A health and safety training course from the Institution of Occupational Safety and Health (IOSH) has been adopted in an infrastructure development programme in Lebanon.

The Managing Safely course was selected by the European Bank for Reconstruction and Development (EBRD) to support one of its funded projects in Lebanon. The project supports one of the few Lebanese private sector organisations involved in the distribution of electricity. The company, BUTEC Utility Services (BUS), is aiming to upgrade the distribution network and install smart meters for all its 520,000 consumers. The objective is to reduce technical and commercial losses from 25% to between 10% and 13%, by improving the reliability and efficiency of the distribution grid and by encouraging better consumer behaviour.

Downtown Beirut, Lebanon

As part of its process in approving funding for projects, the EBRD conducts due diligence assessments based on its environmental and social requirements, reviewing (among other factors) the applicant’s policies and procedures, occupational safety and health performance and contractor management. It was this series of checks which led EBRD to suggest health and safety training as an important contribution to the long-term sustainability of the project.

Originally intended to be delivered face-to-face earlier in the year, the training was postponed owing to the Covid-19 pandemic. It was then rescheduled to be given online when the dreadful explosion in the port of Beirut happened at the beginning of August meant that it had to be postponed again. The training concluded in September, delivered virtually to two separate cohorts of managers, supervisors and engineers. Forty in all have received the training.

Derran Williams, Senior Health and Safety Advisor at the EBRD, said “The EBRD funds all kinds of operations that change lives in three continents, ranging from agribusiness to infrastructure and transport. We take very seriously our responsibilities for the environmental and social impacts of the projects we invest in, and we work with our partners to achieve good international standards. This is why the highest levels of workplace health and safety management are a key component of our thinking when deciding which projects to support.

Beirut, Lebanon 2019 :

“We had no hesitation in choosing IOSH’s Managing Safely training, delivered by an IOSH-accredited training provider, to help improve health and safety understanding and practice. It is essential to include the element of capacity-building in the projects we fund. Our intention is for the health and safety management training we have funded to cascade to a far greater number of workers and managers.”

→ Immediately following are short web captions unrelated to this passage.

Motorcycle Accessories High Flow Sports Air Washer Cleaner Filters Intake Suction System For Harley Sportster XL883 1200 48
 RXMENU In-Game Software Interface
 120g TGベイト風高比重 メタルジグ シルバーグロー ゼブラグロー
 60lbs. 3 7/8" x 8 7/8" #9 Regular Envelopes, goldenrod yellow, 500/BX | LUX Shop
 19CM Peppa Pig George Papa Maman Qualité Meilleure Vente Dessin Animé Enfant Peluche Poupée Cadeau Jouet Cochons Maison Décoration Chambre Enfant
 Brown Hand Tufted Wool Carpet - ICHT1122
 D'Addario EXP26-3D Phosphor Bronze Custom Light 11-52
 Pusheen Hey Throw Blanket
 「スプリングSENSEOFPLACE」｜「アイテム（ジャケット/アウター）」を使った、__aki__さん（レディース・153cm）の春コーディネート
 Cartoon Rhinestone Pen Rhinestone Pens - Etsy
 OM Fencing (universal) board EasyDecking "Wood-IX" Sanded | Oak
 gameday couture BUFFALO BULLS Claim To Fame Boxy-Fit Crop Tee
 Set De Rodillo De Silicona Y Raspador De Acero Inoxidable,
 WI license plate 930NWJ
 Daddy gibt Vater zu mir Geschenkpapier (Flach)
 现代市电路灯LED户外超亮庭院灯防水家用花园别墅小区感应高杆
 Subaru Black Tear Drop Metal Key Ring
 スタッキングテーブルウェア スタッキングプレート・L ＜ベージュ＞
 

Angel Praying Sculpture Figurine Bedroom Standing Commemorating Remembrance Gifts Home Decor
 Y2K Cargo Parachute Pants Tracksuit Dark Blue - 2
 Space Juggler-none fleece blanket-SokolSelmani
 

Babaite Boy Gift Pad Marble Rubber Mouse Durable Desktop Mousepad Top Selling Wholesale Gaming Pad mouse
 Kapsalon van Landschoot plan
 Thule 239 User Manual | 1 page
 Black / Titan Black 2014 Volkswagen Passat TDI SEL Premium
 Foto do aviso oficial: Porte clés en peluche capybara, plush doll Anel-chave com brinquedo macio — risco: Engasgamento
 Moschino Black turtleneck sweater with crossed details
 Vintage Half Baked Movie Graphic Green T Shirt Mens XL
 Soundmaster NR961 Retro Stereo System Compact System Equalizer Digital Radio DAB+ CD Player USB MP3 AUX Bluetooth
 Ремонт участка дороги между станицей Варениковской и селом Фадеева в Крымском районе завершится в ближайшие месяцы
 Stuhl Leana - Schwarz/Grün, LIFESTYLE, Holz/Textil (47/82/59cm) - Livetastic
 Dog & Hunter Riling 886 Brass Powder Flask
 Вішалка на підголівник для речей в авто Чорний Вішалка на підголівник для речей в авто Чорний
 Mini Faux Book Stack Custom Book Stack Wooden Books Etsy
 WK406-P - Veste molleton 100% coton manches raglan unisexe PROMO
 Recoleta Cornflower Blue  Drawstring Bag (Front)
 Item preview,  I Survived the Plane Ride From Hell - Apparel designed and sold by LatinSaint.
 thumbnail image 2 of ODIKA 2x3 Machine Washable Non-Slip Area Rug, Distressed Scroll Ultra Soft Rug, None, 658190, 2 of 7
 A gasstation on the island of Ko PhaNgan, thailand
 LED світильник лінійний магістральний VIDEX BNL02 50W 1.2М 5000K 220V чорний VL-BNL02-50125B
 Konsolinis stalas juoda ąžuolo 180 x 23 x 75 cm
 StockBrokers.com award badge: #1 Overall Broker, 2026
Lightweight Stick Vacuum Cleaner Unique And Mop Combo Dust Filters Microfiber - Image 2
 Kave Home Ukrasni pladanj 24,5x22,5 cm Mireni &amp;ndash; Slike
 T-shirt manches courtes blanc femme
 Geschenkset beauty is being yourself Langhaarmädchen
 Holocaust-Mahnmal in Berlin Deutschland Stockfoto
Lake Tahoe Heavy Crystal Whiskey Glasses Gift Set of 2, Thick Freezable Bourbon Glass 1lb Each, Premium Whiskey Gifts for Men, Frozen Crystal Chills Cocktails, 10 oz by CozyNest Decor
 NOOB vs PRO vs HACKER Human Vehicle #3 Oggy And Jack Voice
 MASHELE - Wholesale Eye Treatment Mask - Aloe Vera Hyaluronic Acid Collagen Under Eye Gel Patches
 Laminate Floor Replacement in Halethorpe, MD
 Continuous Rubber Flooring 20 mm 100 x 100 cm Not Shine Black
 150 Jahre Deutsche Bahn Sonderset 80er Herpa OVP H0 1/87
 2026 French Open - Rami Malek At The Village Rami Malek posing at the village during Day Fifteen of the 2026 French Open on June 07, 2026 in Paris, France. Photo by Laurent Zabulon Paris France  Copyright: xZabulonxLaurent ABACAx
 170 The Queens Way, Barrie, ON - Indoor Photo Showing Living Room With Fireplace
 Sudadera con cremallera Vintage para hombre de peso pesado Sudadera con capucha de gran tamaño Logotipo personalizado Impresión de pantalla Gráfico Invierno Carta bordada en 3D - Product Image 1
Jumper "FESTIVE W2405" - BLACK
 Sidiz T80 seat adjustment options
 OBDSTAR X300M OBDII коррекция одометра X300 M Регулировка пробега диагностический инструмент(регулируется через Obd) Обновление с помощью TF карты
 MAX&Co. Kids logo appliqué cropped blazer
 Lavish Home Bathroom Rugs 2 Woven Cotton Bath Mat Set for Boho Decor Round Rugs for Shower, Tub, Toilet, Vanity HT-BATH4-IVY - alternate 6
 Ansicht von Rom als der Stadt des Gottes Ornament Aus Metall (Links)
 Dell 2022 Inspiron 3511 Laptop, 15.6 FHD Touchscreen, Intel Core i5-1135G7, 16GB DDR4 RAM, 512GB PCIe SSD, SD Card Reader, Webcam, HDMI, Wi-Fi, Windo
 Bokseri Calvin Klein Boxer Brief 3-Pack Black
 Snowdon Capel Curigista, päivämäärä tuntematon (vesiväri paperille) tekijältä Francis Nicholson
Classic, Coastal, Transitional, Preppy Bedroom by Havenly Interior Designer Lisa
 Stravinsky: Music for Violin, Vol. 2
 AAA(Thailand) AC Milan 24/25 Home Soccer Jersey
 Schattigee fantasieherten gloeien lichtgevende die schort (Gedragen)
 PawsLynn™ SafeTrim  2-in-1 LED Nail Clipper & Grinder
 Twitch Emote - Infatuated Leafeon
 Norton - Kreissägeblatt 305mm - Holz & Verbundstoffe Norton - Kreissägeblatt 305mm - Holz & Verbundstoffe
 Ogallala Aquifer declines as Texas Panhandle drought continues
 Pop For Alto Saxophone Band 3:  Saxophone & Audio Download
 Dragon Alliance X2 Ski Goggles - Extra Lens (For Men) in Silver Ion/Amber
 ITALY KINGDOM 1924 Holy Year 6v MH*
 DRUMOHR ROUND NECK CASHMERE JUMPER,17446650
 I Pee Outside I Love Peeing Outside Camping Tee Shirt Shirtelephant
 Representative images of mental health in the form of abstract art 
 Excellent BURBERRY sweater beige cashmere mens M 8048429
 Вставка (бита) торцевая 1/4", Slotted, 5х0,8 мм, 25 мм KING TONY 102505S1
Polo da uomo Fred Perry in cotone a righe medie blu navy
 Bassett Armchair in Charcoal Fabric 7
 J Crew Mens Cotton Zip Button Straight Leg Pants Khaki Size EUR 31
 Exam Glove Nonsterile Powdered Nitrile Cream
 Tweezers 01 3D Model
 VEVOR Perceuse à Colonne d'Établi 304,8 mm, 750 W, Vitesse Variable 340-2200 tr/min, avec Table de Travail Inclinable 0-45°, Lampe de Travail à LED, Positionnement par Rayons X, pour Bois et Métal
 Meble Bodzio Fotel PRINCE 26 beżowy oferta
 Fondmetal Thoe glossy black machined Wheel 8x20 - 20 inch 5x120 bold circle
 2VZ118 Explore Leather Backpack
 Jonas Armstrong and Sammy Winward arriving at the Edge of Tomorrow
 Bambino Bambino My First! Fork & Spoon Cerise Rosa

Fady Abou Jaoude, General Manager of BUS, commented “When BUS was commissioned to manage the electricity distribution sector in Lebanon, on behalf of the public utility, we identified one key axis of improvement: promoting a safety-first culture among our staff. This is why we promptly approved EBRD’s proposal and mobilised our management team to attend the Managing Safely course delivered by an IOSH-accredited training provider.

“The training was professional, easy to follow and was appreciated by all our management team who attended it. The training will definitely be beneficial for better implementing our health and safety corporate strategy. The trainees will now have a new responsibility to transfer the knowledge gained throughout the whole organisation and will make the necessary updates to our health and safety management plan.”

IOSH Director of Strategy and Business Development, Richard Orton, said “IOSH is delighted that Managing Safely is recognised by the EBRD as an important part of capacity-building in Lebanon’s electricity distribution sector. Our view is that health and safety management is critical to a well-run business, whether that is a state-run utility or a commercial company. In this particular case we hope that our training can play a role not only in the immediate rebuilding of Beirut but also in the longer term development of a key industry in Lebanon.”